Andreas Schropp schropp at in.tum.de
Wed Dec 2 11:44:37 CET 2009

Dominique Unruh wrote:
> Dear all.
>> Let me put this into perspective, in the light of a forthcoming kernel
>> extension/modification:
>>  in this kernel patch, all sort constaints and type class reasoning steps
>> are eliminated in proofterms on theorem boundaries, and strip_sorted
>> variants of the axioms are asserted on the proofterm side. So what remains
>> is a proof which sort and typeclass reasoning internalized into the logic.
> Just to make sure I understand this correctly: The proof term that is
> stored with a theorem will contain no nonempty sorts at all (not even
> in intermediate proof steps)?
> Can you give me a very rough estimate for when this patch is planned
> (like in a few days, months, years, decades, eras, ...)?

Like Alex said, "a few months" seems realistic. The patch itself is 
working already, we are mostly engaged in porting and consolidation.

> It probably
> does not make sense if I try embedding type classes into Coq before
> this patch, because my embedding would have to change considerably
> after the patch, anyway.

Perhaps we can offer a flag to turn this elimination off globally, if 
you really need it. But as more people use proofterms this is likely to 
result in confusion, and more complexity anyways.

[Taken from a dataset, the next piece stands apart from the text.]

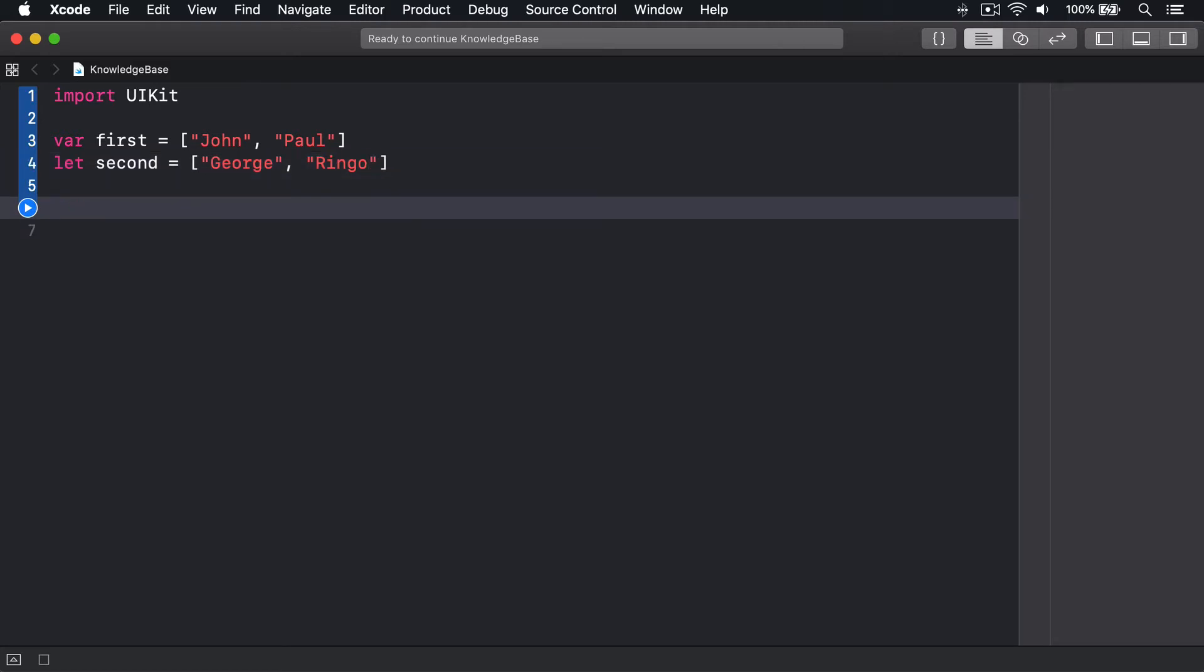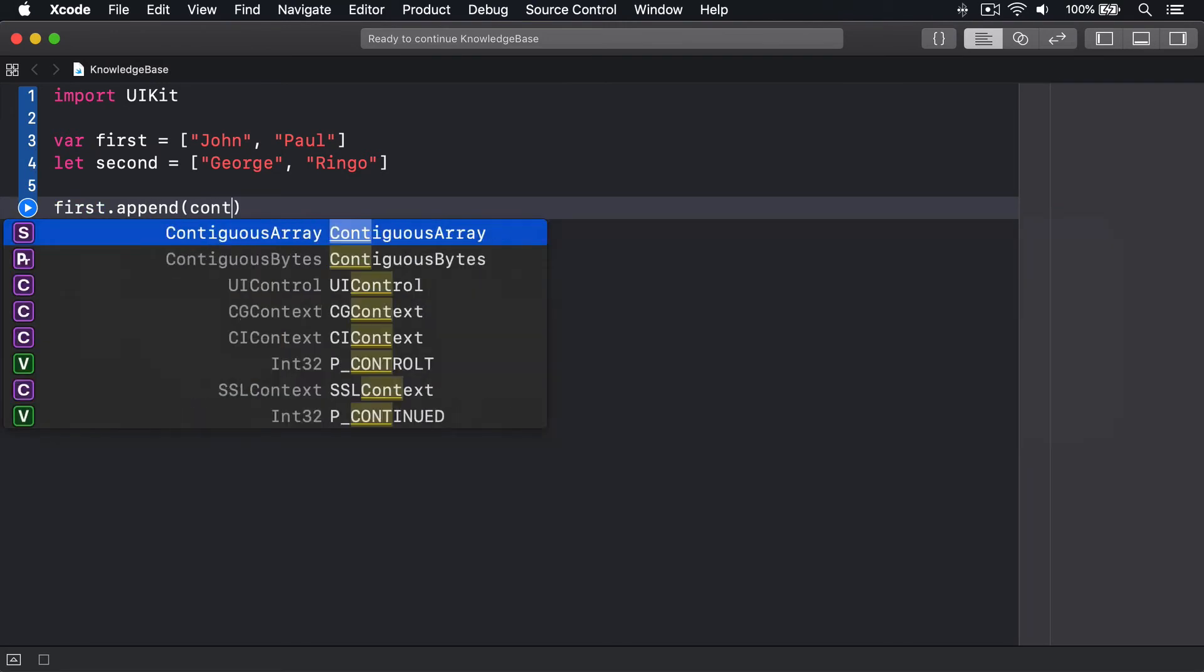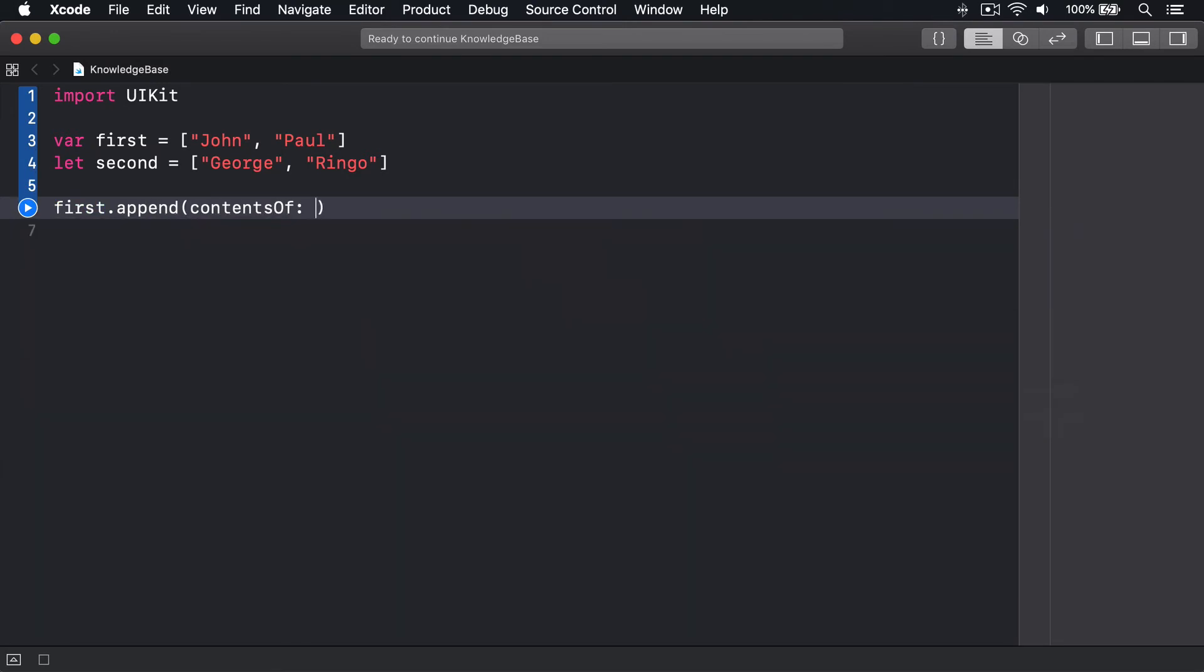I made the first array immutable, so we can join the second array to it. One option for joining arrays is the appendContentOf method, used like this: first dot append, contentsOf, second.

>> From my POV this is needed to translate HOL into logics not involving
>> Isabelle-style type classes.
> Actually, I am not completely sure. I think it depends. The advantage
> of having internalized type classes is, of course, that one does not
> need to translate type classes at all (since they do not really exist
> in the logic). The advantage of having explicit type classes in the
> proof terms is the following: When translating internalized type
> classes, the way how type classes are represented in the target logic
> is fixed by the way how type classes are internalized in Isabelle. If
> the type classes are explicit, on the other hand, one can choose the
> encoding in the target logic that feels more natural in the target
> logic.

I think I understand where you come from. The problem you get is with 
instance, subclass and arity "proofs" by users.
Users prove the internalization of the corresponding judgement, and then 
this judgement is axiomatized in the type system. So if you don't follow 
the internalization path, you have to take those on good faith or 
reinterpret the proofs in your setting. I guess this asks for trouble, 
but would be cool actually.

>> BTW: I would like to hear about your experiences translating HOL->Coq. How
>> are you handling type class reasoning and overloading (I prefix an
>> unoverloading step) in your HOL->Coq translation?
> (The following is very preliminary!)
> The basic translation is simple since an Isabelle proof term is
> (almost) a valid Coq proof term.
> If we just assert any axiom we find in the proof term as an axiom in
> Coq, we are essentially done. (The only problem is that Isabelle
> treats eta-convertible terms as equal while Coq doesn't, and that
> Isabelle proof terms may contain free variables (which implies that in
> Pure all terms

You mean types? And I guess your reasoning refers to hidden term 
variables which occur in the proof, but not in the proved proposition?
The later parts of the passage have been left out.